How to automatically refresh DAGs through docker image in helm chart deployed Airflow


I have a deployment of Airflow running in a kubernetes cluster. I deployed it there using the official helm chart (described here). I manage DAGs using the recommended way, by "baking" them into a docker image (described here).

When I create or change a DAG, I run the docker build and docker push commands as listed in the documentation. This all works great. However, my changes don't show up in the GUI until I delete the scheduler and the webserver pods (kubectl delete pod airflow-scheduler-xxx, etc), forcing kubernetes to spin up new ones.

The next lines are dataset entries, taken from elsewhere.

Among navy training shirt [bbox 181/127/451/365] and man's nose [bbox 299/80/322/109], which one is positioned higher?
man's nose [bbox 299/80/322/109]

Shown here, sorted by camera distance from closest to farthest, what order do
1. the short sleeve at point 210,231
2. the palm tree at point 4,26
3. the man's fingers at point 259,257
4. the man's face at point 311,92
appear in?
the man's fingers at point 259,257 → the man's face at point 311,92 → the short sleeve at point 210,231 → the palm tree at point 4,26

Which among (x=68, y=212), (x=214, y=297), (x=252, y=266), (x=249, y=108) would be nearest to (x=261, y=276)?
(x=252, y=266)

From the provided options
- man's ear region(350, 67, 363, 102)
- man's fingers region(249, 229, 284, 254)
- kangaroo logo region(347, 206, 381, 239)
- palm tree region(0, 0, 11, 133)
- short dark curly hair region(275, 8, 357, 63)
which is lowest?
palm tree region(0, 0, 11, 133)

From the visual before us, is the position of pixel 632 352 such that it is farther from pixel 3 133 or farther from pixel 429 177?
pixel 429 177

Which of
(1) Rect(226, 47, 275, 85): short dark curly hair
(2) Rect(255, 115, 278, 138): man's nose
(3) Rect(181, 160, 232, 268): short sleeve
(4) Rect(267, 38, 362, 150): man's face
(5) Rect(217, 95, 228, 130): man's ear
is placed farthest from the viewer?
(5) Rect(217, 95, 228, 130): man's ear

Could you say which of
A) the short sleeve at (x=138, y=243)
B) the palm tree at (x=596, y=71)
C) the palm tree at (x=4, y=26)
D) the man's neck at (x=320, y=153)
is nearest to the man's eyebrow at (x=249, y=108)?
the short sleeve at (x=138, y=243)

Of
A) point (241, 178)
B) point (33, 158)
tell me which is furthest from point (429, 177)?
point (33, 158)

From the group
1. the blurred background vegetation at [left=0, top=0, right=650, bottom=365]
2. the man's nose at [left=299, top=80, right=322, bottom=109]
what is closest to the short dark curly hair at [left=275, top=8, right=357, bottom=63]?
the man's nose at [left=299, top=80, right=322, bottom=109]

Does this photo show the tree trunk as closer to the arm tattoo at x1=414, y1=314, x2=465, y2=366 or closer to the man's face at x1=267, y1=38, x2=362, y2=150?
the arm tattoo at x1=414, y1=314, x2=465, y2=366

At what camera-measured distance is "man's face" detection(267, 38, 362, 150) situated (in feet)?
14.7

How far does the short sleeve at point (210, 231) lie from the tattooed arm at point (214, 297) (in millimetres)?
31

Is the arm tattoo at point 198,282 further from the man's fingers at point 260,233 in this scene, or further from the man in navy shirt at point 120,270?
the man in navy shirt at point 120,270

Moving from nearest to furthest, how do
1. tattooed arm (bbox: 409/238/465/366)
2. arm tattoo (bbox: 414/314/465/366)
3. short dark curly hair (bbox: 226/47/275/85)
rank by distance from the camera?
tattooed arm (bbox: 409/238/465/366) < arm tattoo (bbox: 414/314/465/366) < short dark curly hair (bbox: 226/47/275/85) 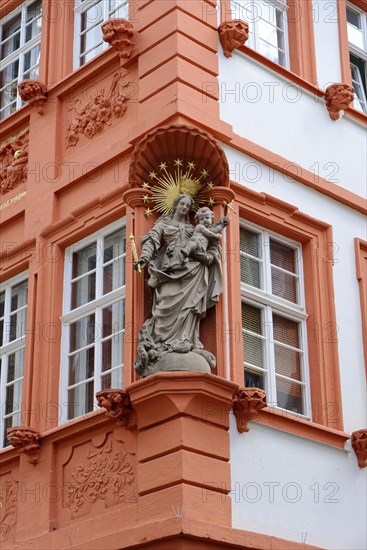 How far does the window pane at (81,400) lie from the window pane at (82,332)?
0.47 m

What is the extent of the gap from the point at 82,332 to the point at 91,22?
3.98 m

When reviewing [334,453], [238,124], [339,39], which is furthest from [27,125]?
[334,453]

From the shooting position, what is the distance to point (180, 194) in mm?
11938

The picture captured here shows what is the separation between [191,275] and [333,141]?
338 centimetres

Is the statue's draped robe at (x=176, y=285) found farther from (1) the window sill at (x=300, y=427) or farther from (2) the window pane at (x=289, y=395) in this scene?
(2) the window pane at (x=289, y=395)

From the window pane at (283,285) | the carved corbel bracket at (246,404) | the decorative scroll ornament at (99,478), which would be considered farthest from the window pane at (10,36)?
the carved corbel bracket at (246,404)

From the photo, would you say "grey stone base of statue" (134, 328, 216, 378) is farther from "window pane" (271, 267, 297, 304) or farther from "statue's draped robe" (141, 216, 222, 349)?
"window pane" (271, 267, 297, 304)

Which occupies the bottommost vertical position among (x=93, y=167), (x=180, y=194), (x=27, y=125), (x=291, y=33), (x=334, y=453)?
(x=334, y=453)

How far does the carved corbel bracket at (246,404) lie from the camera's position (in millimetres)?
11164

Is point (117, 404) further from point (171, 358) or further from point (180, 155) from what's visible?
point (180, 155)

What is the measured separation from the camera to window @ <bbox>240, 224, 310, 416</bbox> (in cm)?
1223

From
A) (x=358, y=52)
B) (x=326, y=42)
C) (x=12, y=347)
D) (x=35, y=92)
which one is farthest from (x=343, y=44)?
(x=12, y=347)

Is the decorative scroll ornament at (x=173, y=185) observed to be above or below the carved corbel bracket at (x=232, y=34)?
below

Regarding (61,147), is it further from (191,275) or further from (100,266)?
(191,275) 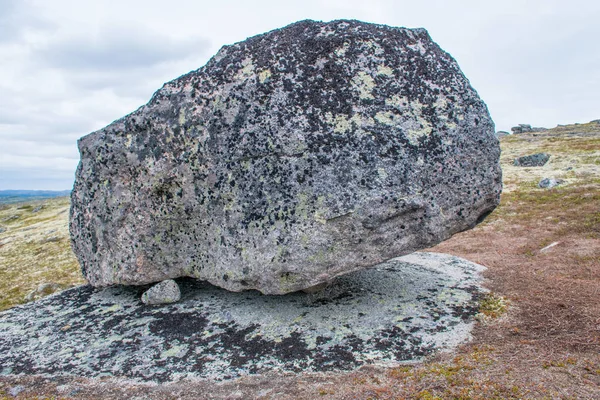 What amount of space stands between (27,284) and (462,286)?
68.9ft

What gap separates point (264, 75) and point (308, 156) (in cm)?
223

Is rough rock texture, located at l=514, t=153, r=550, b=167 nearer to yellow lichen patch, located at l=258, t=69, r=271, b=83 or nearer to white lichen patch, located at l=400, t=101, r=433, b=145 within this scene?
white lichen patch, located at l=400, t=101, r=433, b=145

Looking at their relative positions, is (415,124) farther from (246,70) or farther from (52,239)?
(52,239)

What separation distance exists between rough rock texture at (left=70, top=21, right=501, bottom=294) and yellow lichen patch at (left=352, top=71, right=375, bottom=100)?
33mm

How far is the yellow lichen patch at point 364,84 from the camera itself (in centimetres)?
968

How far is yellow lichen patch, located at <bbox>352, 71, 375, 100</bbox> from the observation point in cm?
968

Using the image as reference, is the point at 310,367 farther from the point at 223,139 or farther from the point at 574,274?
the point at 574,274

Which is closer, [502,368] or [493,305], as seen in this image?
[502,368]

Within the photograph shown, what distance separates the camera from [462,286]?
485 inches

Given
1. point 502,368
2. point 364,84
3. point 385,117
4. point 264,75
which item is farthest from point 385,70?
point 502,368

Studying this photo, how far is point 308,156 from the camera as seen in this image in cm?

This is not ideal for CI/CD purposes, as I don't want to continuously have to do this manually. Is there a way to pick up the changes automatically (e.g. by pulling the image periodically)?

I already tried to set dag_dir_list_interval in airflow.cfg (suggested here) through the helm values, but this doesn't seem to change anything. PullPolicy is set to Always because I use the latest tag. It looks like this in my override.yaml:

images:
  airflow:
    repository: -registry-name-
    tag: latest
    pullPolicy: Always

config: 
  scheduler: 
    # after how much time a new DAGs should be picked up from the filesystem
    min_file_process_interval: 0
    dag_dir_list_interval: 60

Solution

  • I was eventually able to figure this out myself. The reason the pods weren't updating (i.e. weren't pulling the new image with the updated DAGs) is because I was using the latest tag. After building and pushing the new image, the cluster didn't know to pull that new image, because the tag was still the same. The solution is to not use the latest tag, but to use a tag that changes every time CI/CD runs. I chose to use $(Build.SourceVersion) in Azure Pipelines, which corresponds to the git hash of the commit that caused the pipeline to run. Then I added a helm upgrade command with a flag pointing to the new image tag. This command causes the relevant pods to be updated automatically.

    helm upgrade --install airflow apache-airflow/airflow --set images.airflow.tag="$(Build.SourceVersion)"